►
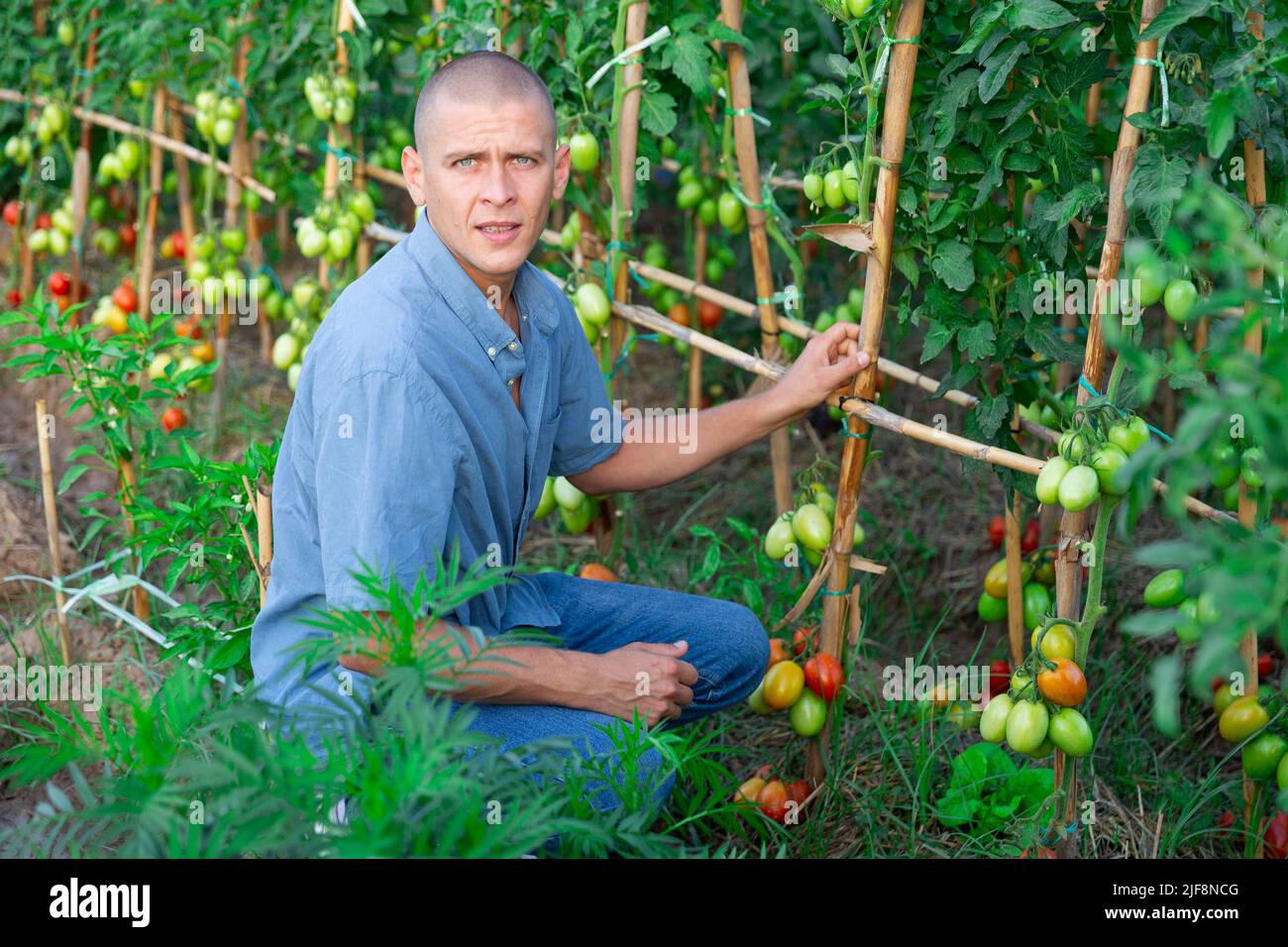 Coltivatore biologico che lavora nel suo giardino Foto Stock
◄
►
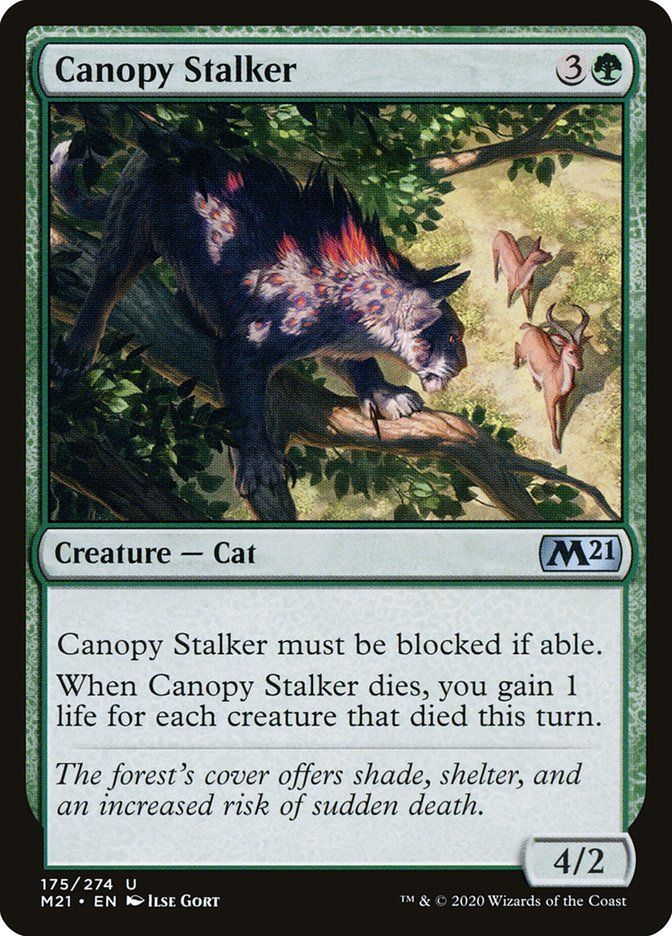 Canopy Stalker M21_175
◄
►
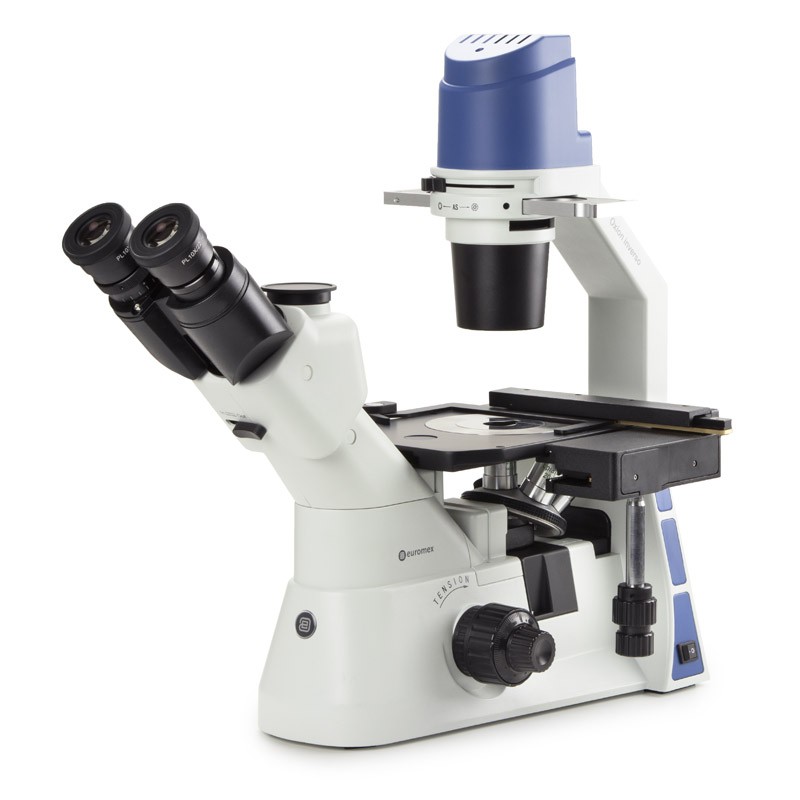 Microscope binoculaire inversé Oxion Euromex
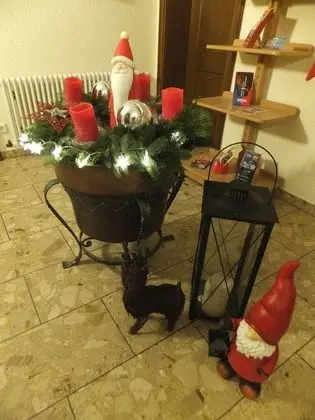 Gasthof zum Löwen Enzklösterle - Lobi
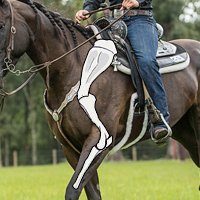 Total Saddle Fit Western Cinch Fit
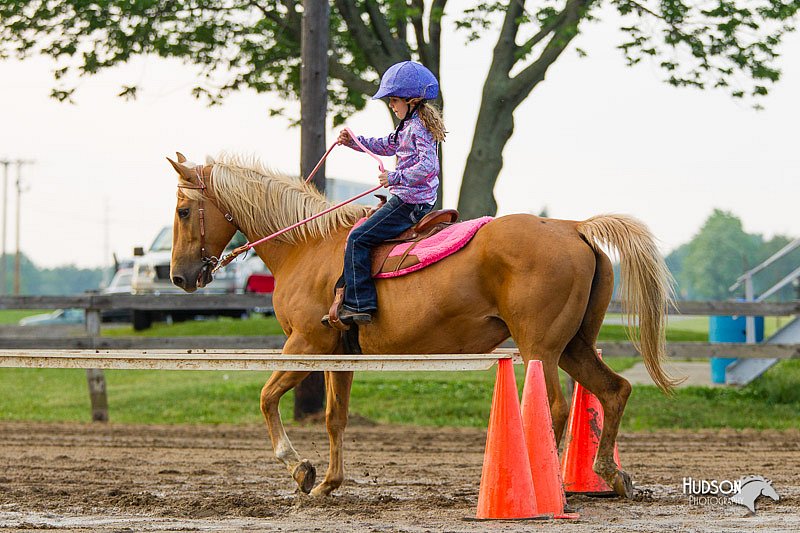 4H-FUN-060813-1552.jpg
◄
#### [Your goal]
Take the entries above and copy exactly the lines starting at the one with "Total Saddle Fit Western Cinch Fit" and ending at the one with "4H-FUN-060813-1552.jpg"; nothing outside that span, and no pictures.

#### [Response area]
 Total Saddle Fit Western Cinch Fit
 4H-FUN-060813-1552.jpg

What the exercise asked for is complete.